Tag Archives: linguists

Kinker

As we’ve said before, there is almost nothing of any value in Daniel Cassidy’s absurd work of pseudo-scholarship, How The Irish Invented Slang. Some of his claims are just stupid, many of them are mad, and some of them are just plain dishonest. This is one of the dishonest claims.

The word kinker, according to Cassidy, is a slang term for a circus performer or a circus act. However, he also implies that kinkers were surly, rude or snooty.

Kinkers, adj., surly, rude; fig. snooty person) were the stuck up stars of the circus.

Ingeniously, he manages to find a quote from Jim Tully’s Circus Parade (1927) to back him up. He was certainly a dab hand at making fake connections and finding clever angles:

The performers were more snobbish than any class of people I have ever known. They did not talk to the lesser gentry of the circus save only to give commands.

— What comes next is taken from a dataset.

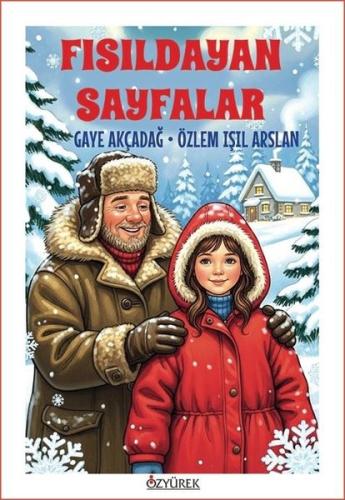 Fısıldayan Sayfalar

They were known as the ‘kinkers’ to us.

He needs to emphasise this snobbishness because his candidate for the origin of kinker is the Irish geancach, which means a person with an upturned nose (geanc) or a snooty person. (Cassidy only mentions the secondary meaning.)

Kinker doesn’t sound much like geancach, of course, and geancach certainly isn’t the origin of the circus slang word. How do I know? Well, when you look up kinker on line, all becomes clear. Kinkers weren’t just circus performers. Kinkers were acrobats or contortionists. If you think of all the contorted and twisted and crooked meanings of the word kink in English, kinker is self-explanatory.

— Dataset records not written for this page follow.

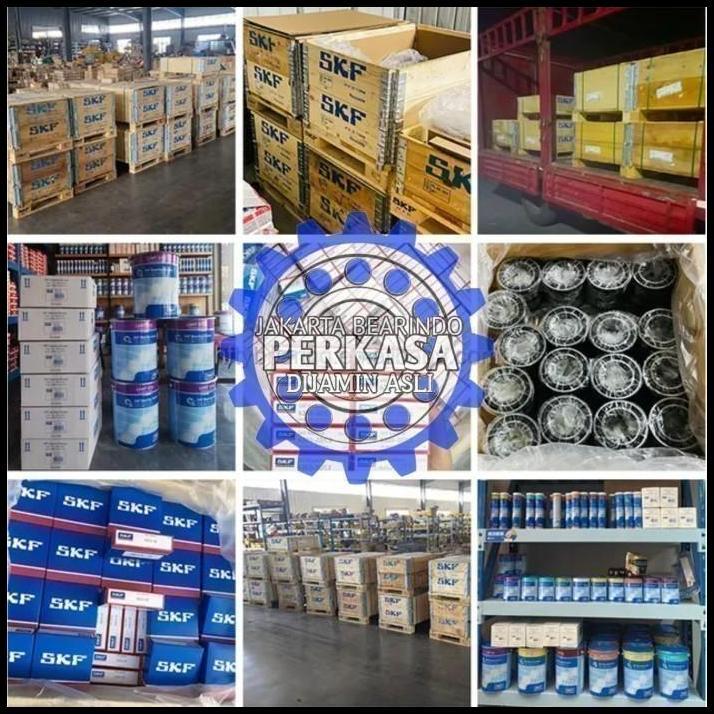 DISKON BEARING TAPERRED 30208 J2/Q 30208J2/Q SKFASLI 40X80X19,75 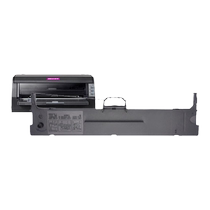 Suitable for Yingmei 630k ribbon rack FP-630K FP-620K TP-632K JMR126Z special dot matrix printer universal ribbon strip ribbon frame color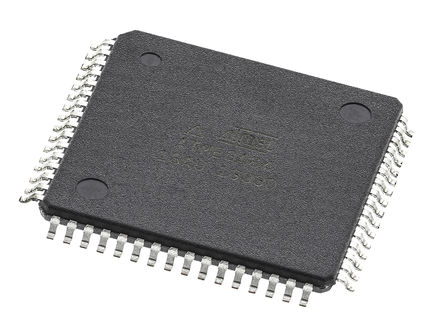 Microchip ATMEGA64-16AU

How did Cassidy miss this? Call me a cynic, but I don’t think he did miss it – I think he missed it out. He did this because he was a liar. His book is not about discovering the truth. It’s about conning suckers.

 

 

 

 

Mark, Mark Anthony

Another utterly stupid claim made by Cassidy in his book, How The Irish Invented Slang, is that the English words mark or mark Anthony, slang terms for a sucker or target of a scam, derive from Irish. As usual, there is no evidence for this and plenty of strong evidence against it.

For one thing, while the word marc is Irish and means a mark, the word is a relatively modern borrowing from English and there is no evidence of it meaning target of a scam. In Irish, the earliest references date back to 1639, in the Catechismus of Tiobóid Galldubh (Theobald Stapleton).

In English, the word is very ancient. It had acquired the meaning of target by the year 1200. It was first used with the meaning of target of a scam or sucker in the 1880s.

As for Mark Anthony, a slang phrase which seems to appear first in the 1970s in America, Cassidy claims that this comes from marc andána, which he says means a rash mark. The word andána is an intensified form of dána, which means bold. Of course, there is no evidence of anyone actually saying or writing marc andána in Irish. The sole authority for its existence is one crazy man – Daniel Cassidy – who lived his whole life in the USA, never learned Irish and never acquired any qualifications.

And when you think about it, the whole thing is much more likely to be English than Irish. A mark is a target and has been since the middle ages. That word comes to be a term for the target of a scam. Then someone adds Anthony to it because everyone’s heard of Mark Anthony. It might also have been influenced by a work of 19th century Irish fiction, The Fortunes of Hector O’Halloran and His Man Mark Anthony O’Toole.

Isn’t that more likely as a scenario than Cassidy’s non-existent phrase marc andána?